This is a restated version of my original very broad question.
Let $P$ be probability a measure on an interval $[a,b]$ ($-\infty<a<b<\infty$) that's dominated by Lebesgue measure. Let $\langle f, g \rangle_P=\int_{[a,b]} f \cdot g \, dP$ be an inner product for integrable functions associated with $P$ and $\| \cdot \|_{L_2(P)}$ denote the induced $L_2$-norm. Let $f: [a,b] \rightarrow \mathbb{R}$ be integrable and $f \in C^r[a,b]$ for some $r \leq \infty$. Consider approximating $f$ by a trigonometric polynomial $a_0+\sum_{k=1}^K [a_k \cos(kx) + b_k \sin(kx)]$. Let $\pi_{K,P}(f)$ denote the projection of $f$ onto the space of $K$-th order trigonometric polynomials with respect to $\langle \cdot, \cdot \rangle_P$. Consider the approximation error $\| f-\pi_{K,P}(f) \|_{L_2(P)}$. Assume $f$ is not a trigonometric polynomial itself.
I've seen an upper bound of this error that looks like $C K^{-r}$ when $r < \infty$ and is derived from the $L_\infty$ error (https://www.springer.com/us/book/9783540506270). Is there a lower bound for the $L_2(P)$ error, ideally with the same structure as the upper bound (maybe under mild conditions)? Also, what would be the upper bound and lower bound if $r=\infty$? I'm particularly interested in the case where $f(x)=x$.
You may take $[a,b]$ to be any interval you want for convenience.
I would be very happy if you know of any results of this kind, perhaps under similar settings (e.g. a different notion of smoothness for $f$ in terms of Soblev spaces).
Original question:
Let $P$ be probability a measure on an interval $[a,b]$. Let $\langle f, g \rangle_P=\int_{[a,b]} f \cdot g \, dP$ be an inner product for integrable functions associated with $P$ and $\| \cdot \|_{L_2(P)}$ denote the induced $L_2$-norm. Let $f: [a,b] \rightarrow \mathbb{R}$ be integrable. Let $\phi_1,\phi_2,\ldots: [a,b] \rightarrow \mathbb{R}$ be a basis and I want to use $\sum_{k=1}^K \beta_k \phi_k$ to approximate $f$ for some $\beta_k \in \mathbb{R}$. In particular, let $\pi_{K,P}(f)$ denote the projection of $f$ onto $Span\{\phi_1,\ldots,\phi_K\}$ with respect to $\langle \cdot, \cdot \rangle_P$. Consider the approximation error of $\pi_{K,P}(f)$: $\| f-\pi_{K,P}(f) \|_{L_2(P)}$.
I know there are results on the upper bound of this error. But is there a more accurate estimate (not just an upper bound)? Or is there a lower bound? If so, can you provide a reference?
Here I always assume $f$ is not a linear combination of $\phi_1,\phi_2,\ldots$, i.e. $\pi_{K,P}(f) \neq f$ for any $K<\infty$ and any $P$, so there might be a nontrivial lower bound.

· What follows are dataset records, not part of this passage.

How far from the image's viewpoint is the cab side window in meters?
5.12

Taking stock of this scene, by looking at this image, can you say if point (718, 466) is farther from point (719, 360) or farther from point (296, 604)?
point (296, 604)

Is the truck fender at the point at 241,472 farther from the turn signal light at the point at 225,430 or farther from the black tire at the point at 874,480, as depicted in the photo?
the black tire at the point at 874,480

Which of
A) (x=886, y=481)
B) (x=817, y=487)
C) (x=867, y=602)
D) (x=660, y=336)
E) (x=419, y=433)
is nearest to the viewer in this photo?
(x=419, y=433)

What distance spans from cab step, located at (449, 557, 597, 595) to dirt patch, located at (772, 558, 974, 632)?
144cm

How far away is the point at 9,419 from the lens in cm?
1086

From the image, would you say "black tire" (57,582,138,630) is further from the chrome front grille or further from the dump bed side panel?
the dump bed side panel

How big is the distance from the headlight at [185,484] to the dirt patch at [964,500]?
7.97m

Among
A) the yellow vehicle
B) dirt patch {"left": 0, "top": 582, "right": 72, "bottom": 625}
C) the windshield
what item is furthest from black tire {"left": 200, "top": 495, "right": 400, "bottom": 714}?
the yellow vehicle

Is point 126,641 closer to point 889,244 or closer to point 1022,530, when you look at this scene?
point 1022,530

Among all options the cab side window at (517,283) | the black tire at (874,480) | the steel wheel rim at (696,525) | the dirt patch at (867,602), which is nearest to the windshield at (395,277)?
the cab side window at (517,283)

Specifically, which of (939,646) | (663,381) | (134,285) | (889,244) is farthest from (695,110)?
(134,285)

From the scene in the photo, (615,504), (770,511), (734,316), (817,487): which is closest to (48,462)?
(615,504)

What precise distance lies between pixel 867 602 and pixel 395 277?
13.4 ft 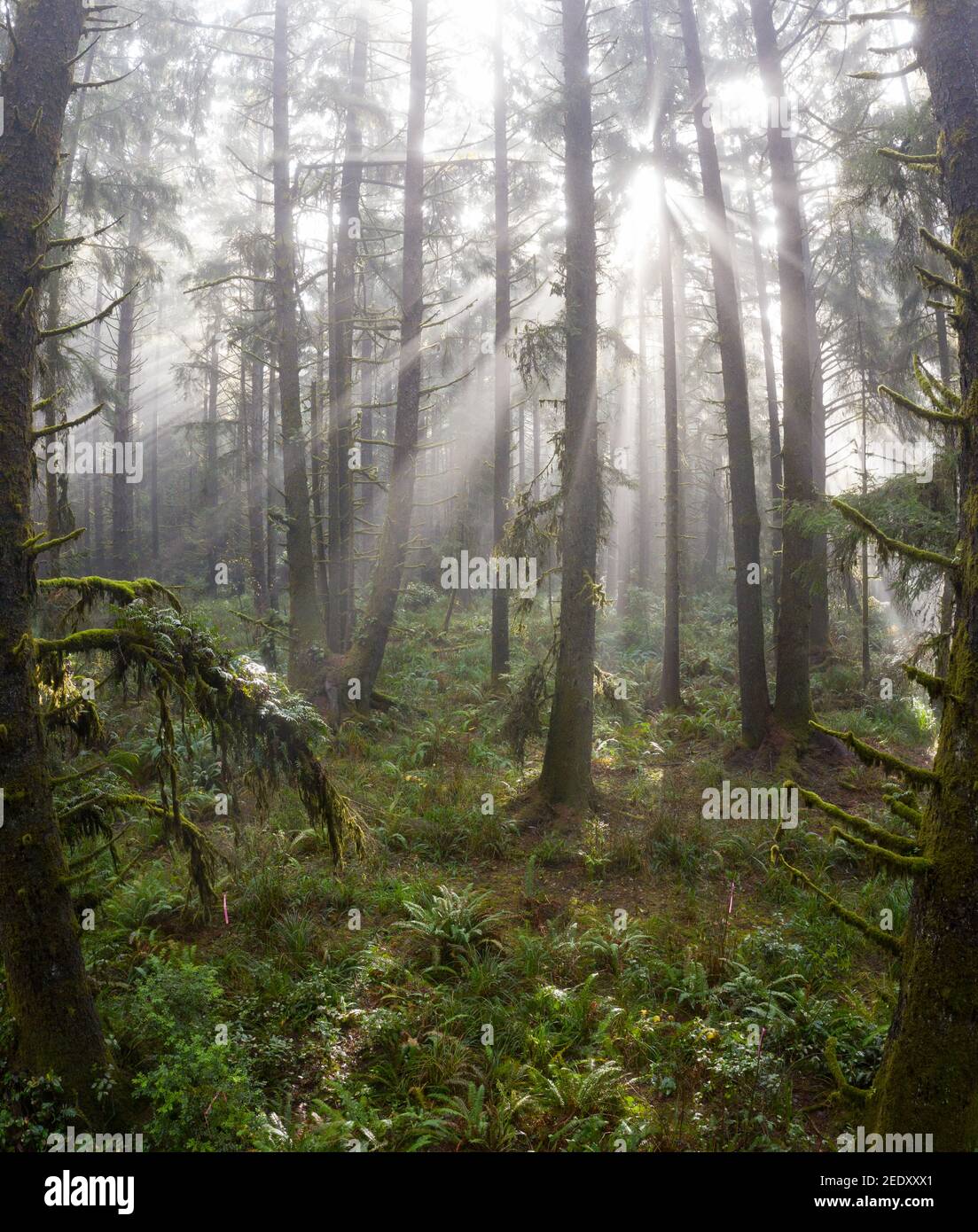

You may consider simplified/restricted versions of this problem. For example, you may take $\phi_k=x^{k-1}$ or $\phi_{2k-1}=\cos((k-1)x), \phi_{2k}(x)=\sin(kx)$ (trigonometric polynomial); you may take $[a,b]=[0,1]$ or $[a,b]=[0,2\pi]$.
You may add other assumptions on $f$ or $P$ as long as they are not too restrictive. For example, assume $f$ is continuously differentiable up to some order or infinitely differentiable; or, assume $P$ is dominated by Lebesgue measure.
Edit 1: Let me try to be more specific. Is there a lower bound of the approximation error when $f(x)=x$ and I use a trigonometric polynomial (with both $\sin$ and $\cos$ series) to approximate? You may assume $[a,b]=[0,2\pi],[0,\pi],[-\pi,\pi]$ or whatever finite interval as you want. The probability measure $P$ has no special property. If necessary, you may assume $P$ is dominated by Lebesgue measure.
Edit 2: Just want to emphasize that I only care the behavior on a finite interval $[a,b]$ instead of the whole real line, so if I use trigonometric polynomial for approximation, I feel $f(x)=x$ not being periodic should not make the approximation behave super badly.